Problem requirements >>
Work out how many lines in the data below contain the string "Modern", and reply with that figure alone.

[Dataset entries]

☆ ☆ ☆

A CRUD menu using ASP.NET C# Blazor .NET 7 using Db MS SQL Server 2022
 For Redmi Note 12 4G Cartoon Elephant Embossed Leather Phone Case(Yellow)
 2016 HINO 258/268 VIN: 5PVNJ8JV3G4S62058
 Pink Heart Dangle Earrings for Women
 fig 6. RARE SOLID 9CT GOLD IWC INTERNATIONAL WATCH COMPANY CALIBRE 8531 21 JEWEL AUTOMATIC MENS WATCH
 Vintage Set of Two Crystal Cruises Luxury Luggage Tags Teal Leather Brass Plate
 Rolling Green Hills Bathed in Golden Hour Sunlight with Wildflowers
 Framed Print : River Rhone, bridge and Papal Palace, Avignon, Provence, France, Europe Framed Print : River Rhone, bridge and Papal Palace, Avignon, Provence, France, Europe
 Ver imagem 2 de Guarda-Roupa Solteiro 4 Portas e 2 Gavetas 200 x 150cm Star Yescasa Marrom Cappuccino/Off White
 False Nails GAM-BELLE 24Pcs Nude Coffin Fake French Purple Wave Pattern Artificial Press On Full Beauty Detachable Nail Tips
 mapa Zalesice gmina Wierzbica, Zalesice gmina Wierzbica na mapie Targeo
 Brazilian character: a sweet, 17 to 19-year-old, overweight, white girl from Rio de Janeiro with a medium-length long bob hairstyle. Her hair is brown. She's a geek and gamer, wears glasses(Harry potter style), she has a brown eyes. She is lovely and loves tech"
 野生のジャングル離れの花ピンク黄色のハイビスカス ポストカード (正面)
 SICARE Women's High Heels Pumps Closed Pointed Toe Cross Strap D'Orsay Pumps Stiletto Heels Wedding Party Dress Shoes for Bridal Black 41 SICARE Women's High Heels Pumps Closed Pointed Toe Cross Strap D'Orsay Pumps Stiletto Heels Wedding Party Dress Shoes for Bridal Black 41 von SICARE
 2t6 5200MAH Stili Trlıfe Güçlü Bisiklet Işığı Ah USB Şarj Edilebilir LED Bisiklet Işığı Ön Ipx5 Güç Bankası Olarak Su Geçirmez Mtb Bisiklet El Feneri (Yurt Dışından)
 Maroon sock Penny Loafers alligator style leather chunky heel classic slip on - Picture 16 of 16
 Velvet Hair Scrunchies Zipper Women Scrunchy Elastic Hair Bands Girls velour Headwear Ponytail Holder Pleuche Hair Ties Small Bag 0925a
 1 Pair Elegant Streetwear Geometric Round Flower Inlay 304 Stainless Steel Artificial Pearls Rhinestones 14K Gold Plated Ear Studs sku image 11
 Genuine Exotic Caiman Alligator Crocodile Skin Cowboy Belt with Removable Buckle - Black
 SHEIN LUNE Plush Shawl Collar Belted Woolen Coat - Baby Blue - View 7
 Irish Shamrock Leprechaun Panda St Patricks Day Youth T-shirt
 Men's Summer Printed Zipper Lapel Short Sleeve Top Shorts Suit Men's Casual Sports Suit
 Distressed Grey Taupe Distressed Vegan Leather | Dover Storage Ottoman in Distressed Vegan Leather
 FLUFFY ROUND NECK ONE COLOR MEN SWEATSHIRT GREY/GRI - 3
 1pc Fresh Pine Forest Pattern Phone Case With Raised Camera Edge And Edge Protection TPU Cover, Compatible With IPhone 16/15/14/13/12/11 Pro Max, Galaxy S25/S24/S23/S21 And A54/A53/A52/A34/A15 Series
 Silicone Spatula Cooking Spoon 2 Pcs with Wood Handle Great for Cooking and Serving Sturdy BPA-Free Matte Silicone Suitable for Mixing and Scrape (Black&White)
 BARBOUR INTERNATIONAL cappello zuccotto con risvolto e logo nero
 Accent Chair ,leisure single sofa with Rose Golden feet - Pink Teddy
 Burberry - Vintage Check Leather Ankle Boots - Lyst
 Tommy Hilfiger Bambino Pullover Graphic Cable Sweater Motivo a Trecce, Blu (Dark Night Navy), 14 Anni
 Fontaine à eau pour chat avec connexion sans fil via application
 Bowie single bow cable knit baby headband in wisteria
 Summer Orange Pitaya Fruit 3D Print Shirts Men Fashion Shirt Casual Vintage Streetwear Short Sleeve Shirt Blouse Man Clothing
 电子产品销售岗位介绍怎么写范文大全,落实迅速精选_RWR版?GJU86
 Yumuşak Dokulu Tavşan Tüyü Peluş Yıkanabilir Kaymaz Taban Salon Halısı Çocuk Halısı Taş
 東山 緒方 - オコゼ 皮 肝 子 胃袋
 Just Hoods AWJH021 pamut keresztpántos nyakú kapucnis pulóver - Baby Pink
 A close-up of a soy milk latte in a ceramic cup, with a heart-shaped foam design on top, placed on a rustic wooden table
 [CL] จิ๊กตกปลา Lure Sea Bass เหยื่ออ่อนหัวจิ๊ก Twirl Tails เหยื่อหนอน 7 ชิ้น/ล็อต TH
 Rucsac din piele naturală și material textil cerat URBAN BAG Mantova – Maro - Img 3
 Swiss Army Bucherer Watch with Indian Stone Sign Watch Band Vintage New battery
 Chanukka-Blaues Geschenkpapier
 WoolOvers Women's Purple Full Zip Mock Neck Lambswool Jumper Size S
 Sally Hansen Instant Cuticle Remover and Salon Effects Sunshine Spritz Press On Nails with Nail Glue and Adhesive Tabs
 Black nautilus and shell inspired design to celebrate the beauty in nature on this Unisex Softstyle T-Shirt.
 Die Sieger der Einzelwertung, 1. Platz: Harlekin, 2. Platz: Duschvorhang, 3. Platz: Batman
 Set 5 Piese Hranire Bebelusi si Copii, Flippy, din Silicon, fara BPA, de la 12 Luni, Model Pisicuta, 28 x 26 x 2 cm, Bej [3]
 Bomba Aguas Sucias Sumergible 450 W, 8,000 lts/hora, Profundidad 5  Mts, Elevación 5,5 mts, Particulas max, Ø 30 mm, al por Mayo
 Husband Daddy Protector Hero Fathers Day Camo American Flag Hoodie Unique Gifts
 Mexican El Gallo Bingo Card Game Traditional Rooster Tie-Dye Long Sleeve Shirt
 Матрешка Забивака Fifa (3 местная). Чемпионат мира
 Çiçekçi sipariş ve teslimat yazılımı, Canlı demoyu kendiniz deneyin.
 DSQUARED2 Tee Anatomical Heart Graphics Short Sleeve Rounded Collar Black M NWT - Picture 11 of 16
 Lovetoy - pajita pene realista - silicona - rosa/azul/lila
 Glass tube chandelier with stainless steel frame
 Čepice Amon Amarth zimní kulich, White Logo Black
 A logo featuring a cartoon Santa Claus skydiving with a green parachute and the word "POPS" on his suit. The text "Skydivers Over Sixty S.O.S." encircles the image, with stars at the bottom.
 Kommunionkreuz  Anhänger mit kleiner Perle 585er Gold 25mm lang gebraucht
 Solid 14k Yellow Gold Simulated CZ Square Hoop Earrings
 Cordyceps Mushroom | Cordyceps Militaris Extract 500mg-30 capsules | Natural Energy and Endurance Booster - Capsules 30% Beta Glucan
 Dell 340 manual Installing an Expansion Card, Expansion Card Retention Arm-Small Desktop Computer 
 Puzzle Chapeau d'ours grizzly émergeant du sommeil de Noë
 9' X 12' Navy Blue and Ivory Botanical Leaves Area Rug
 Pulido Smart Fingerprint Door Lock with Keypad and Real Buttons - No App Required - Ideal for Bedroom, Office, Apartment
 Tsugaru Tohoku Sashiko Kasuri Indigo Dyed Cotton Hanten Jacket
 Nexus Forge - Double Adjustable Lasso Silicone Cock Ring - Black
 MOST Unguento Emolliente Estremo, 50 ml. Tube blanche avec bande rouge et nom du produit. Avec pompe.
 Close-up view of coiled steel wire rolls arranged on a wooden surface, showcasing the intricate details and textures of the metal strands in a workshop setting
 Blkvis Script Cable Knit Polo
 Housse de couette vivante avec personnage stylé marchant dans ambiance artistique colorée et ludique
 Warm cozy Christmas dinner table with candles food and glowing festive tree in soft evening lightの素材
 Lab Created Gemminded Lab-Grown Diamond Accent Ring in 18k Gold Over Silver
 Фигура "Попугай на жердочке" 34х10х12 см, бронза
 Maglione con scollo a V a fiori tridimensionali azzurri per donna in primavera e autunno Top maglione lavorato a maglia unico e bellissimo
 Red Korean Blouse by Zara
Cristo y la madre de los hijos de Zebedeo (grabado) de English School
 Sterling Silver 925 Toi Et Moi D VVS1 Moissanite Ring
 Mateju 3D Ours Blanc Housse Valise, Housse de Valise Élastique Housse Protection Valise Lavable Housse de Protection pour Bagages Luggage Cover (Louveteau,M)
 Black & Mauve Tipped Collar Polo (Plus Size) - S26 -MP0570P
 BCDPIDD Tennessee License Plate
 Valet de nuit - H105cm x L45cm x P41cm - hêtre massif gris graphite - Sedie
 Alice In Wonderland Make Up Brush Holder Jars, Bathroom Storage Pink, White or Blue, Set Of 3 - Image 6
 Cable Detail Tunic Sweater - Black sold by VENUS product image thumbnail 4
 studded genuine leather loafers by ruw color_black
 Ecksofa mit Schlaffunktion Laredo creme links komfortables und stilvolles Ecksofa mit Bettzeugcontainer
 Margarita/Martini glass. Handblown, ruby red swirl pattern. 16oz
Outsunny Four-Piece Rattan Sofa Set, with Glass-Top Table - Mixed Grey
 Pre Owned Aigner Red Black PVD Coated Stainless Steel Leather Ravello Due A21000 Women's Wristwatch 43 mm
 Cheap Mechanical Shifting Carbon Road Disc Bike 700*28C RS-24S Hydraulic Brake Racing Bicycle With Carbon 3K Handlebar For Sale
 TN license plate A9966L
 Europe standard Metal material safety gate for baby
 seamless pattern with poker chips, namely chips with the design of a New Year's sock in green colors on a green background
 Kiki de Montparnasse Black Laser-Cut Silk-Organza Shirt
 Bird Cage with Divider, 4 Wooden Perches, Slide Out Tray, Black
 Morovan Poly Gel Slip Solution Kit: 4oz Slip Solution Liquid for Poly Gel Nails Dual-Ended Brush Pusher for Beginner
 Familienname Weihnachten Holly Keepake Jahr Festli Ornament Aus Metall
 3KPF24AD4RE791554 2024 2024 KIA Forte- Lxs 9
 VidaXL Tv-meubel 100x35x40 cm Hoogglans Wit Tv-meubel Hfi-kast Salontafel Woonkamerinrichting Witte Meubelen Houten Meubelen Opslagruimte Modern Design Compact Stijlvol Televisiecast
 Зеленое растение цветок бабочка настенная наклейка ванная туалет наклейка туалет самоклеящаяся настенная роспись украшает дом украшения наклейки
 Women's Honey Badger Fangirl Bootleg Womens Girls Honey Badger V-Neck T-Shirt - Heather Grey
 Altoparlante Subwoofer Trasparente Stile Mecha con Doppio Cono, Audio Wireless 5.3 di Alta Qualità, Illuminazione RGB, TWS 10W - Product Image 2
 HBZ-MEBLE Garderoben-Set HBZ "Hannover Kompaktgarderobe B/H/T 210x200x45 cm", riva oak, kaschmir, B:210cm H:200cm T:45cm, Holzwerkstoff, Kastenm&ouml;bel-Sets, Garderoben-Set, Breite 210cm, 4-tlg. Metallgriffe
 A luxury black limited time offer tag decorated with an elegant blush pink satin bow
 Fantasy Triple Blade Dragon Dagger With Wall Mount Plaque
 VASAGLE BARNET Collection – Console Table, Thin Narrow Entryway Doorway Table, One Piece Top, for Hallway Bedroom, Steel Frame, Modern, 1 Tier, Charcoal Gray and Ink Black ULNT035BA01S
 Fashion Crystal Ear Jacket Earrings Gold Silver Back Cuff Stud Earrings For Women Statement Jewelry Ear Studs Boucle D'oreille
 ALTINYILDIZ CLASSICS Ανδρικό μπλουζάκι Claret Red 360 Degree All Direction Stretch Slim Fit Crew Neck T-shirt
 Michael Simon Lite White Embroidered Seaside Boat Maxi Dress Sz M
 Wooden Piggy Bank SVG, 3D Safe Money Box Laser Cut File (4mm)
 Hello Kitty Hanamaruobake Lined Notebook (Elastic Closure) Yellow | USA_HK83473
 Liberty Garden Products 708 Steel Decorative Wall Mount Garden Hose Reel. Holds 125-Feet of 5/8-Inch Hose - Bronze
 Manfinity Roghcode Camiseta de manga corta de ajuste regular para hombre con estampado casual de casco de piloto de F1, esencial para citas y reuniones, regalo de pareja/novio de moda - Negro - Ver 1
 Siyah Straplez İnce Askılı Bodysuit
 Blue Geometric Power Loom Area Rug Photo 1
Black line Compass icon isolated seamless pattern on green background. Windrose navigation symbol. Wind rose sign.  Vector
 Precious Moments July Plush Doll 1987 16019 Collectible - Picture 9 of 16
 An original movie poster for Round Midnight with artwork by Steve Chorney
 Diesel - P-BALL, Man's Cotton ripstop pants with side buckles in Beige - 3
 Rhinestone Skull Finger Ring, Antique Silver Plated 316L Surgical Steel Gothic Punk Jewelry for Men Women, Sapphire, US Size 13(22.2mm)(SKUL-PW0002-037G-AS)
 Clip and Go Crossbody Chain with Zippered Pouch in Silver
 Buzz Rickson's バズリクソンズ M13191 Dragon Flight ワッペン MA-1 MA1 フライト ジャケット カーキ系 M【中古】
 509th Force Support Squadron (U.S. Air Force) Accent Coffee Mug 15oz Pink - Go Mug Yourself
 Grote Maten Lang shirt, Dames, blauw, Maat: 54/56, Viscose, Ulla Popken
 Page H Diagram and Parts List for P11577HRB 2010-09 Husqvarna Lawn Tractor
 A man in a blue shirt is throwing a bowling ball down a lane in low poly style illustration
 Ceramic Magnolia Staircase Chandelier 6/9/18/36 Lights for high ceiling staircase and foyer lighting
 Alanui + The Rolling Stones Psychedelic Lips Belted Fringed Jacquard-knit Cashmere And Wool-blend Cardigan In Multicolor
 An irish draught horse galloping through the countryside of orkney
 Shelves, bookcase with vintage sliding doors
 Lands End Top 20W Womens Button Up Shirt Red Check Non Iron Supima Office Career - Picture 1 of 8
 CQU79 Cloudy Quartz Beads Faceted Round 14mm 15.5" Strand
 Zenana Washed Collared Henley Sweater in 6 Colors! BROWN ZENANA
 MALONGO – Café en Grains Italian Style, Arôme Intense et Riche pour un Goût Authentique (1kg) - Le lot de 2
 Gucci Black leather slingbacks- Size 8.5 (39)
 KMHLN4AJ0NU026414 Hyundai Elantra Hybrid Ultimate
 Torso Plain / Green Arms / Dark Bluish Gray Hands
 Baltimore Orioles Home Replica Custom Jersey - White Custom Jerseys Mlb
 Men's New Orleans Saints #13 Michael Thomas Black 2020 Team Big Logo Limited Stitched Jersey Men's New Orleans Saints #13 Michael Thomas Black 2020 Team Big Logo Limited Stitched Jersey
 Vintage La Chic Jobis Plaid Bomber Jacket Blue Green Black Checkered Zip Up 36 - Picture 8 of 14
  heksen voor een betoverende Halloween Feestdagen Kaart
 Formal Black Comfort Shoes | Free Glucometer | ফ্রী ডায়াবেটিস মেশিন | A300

☆ ☆ ☆

Result of the task >>
2